Records from a dataset:
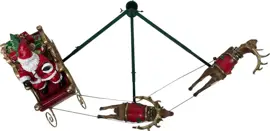 Kerstfiguur kunststof kerstman met rendier en slee met kerstboomstandaard 79x45x30cm rood, bruin - afbeelding 3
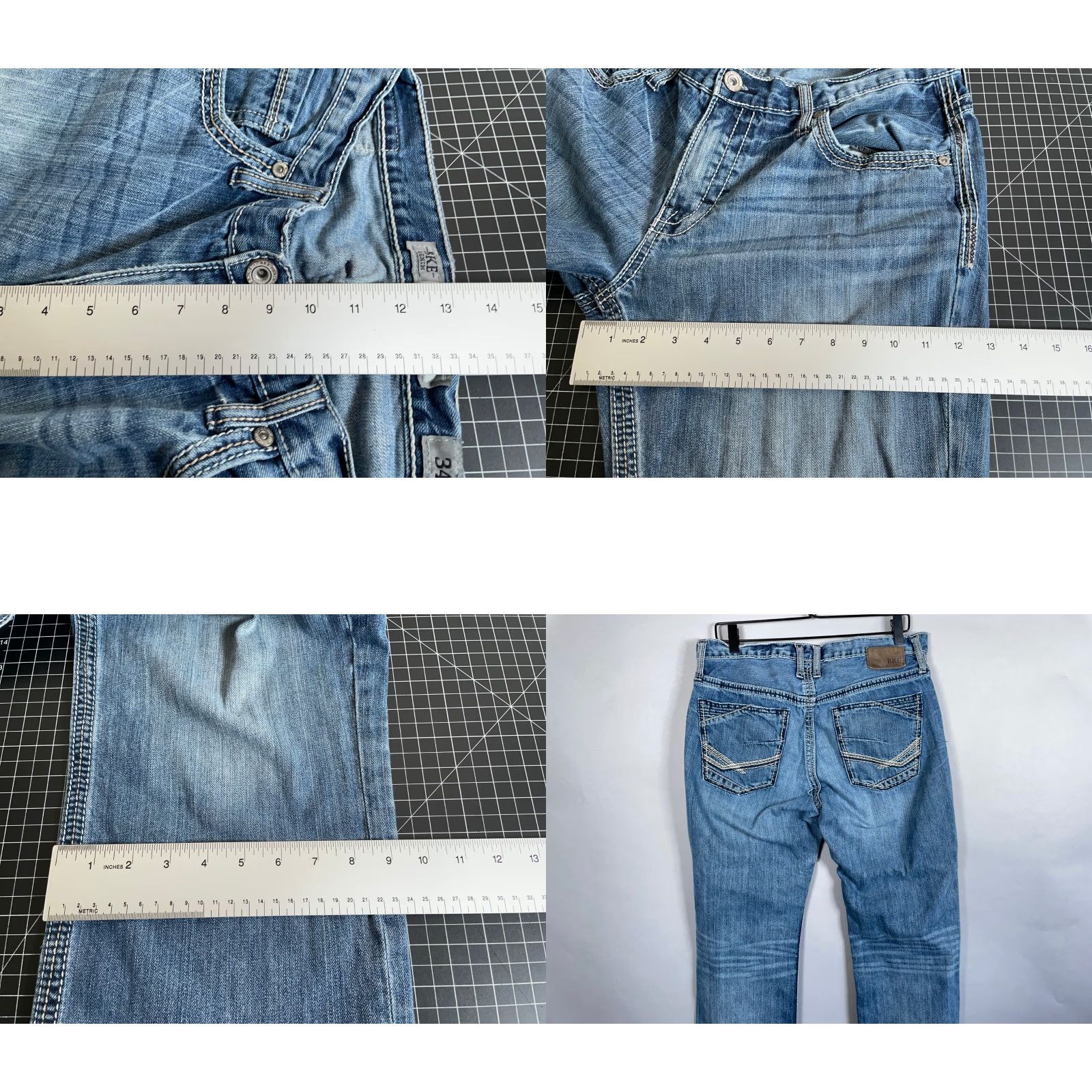 Vintage VINTAGE BKE Derek Jeans Men's 34 x 30 Blue Denim Low Rise Straight Leg 100% Cotton Y2K Men's Size US 34 / EU 50 - 8 Thumbnail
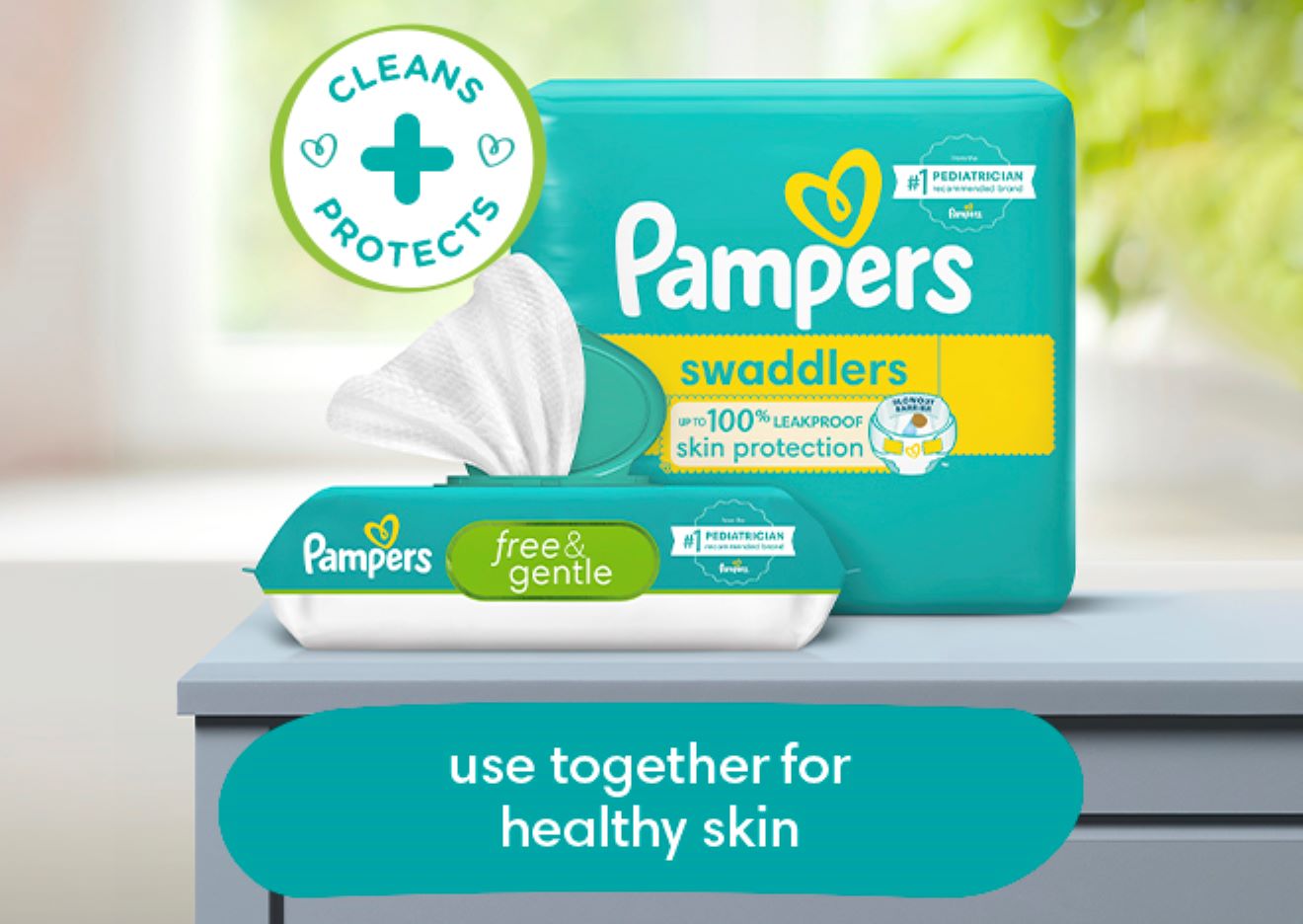 Use with Pampers Swaddlers diapers for healthy skin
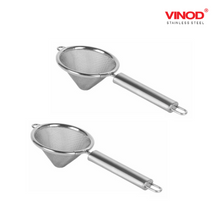 Load image into Gallery viewer, Vinod Stainless Steel Galaxy Double Net Tea & Coffee Strainer - Set of 2 piece - KOCHEN ESSENTIAL
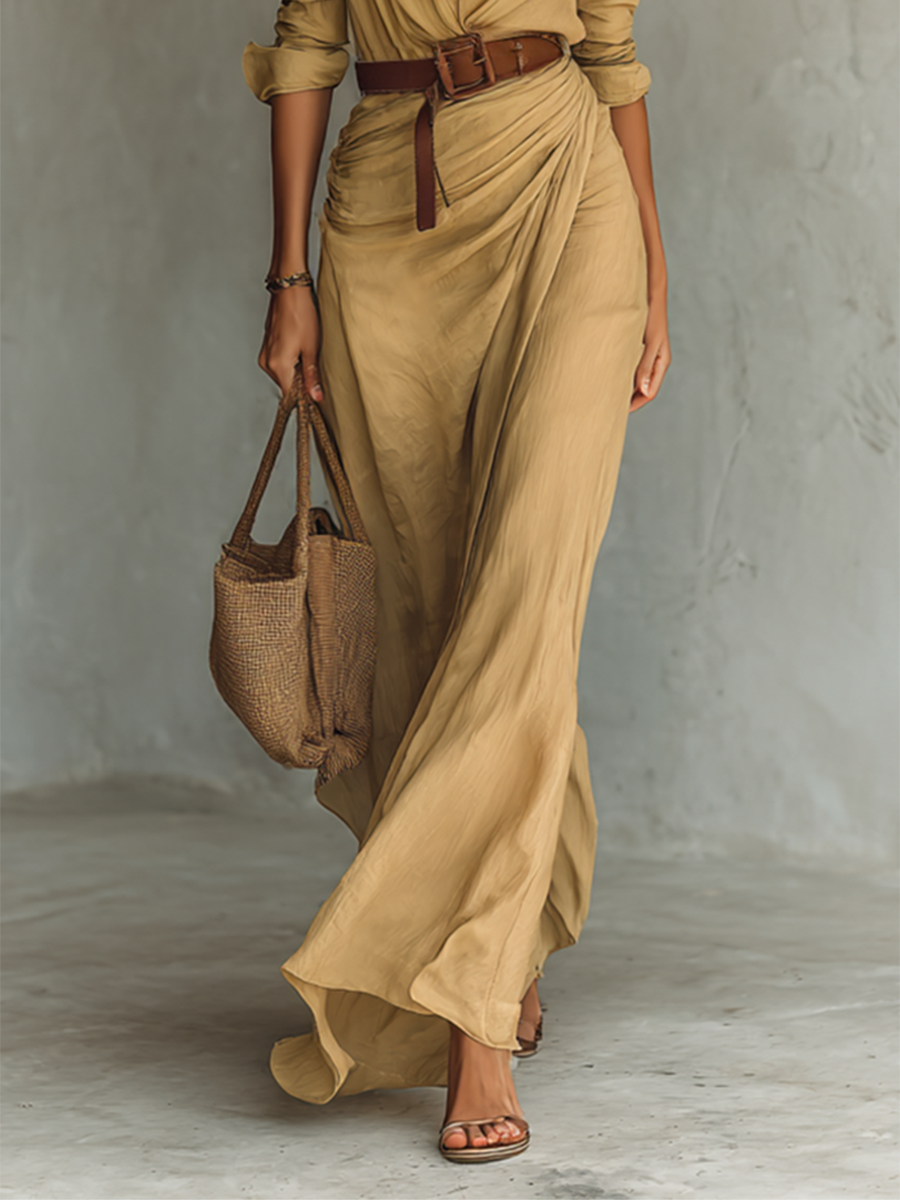 Aurelia | Draped Maxi Shirt Dress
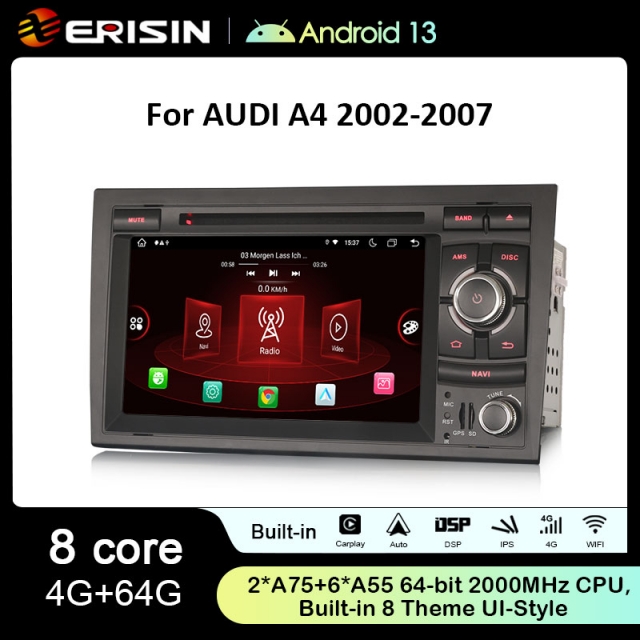 Rádio Erisin Android 13 MT8667 4GB 64GB VW 7" Audi A4 B6 B7 - Image 2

REQUIRED WORK: No pictures belong in the copy. Transcribe every entry exactly.

ANSWER:
 Kerstfiguur kunststof kerstman met rendier en slee met kerstboomstandaard 79x45x30cm rood, bruin - afbeelding 3
 Vintage VINTAGE BKE Derek Jeans Men's 34 x 30 Blue Denim Low Rise Straight Leg 100% Cotton Y2K Men's Size US 34 / EU 50 - 8 Thumbnail
 Use with Pampers Swaddlers diapers for healthy skin
 Load image into Gallery viewer, Vinod Stainless Steel Galaxy Double Net Tea & Coffee Strainer - Set of 2 piece - KOCHEN ESSENTIAL
 Aurelia | Draped Maxi Shirt Dress
 Rádio Erisin Android 13 MT8667 4GB 64GB VW 7" Audi A4 B6 B7 - Image 2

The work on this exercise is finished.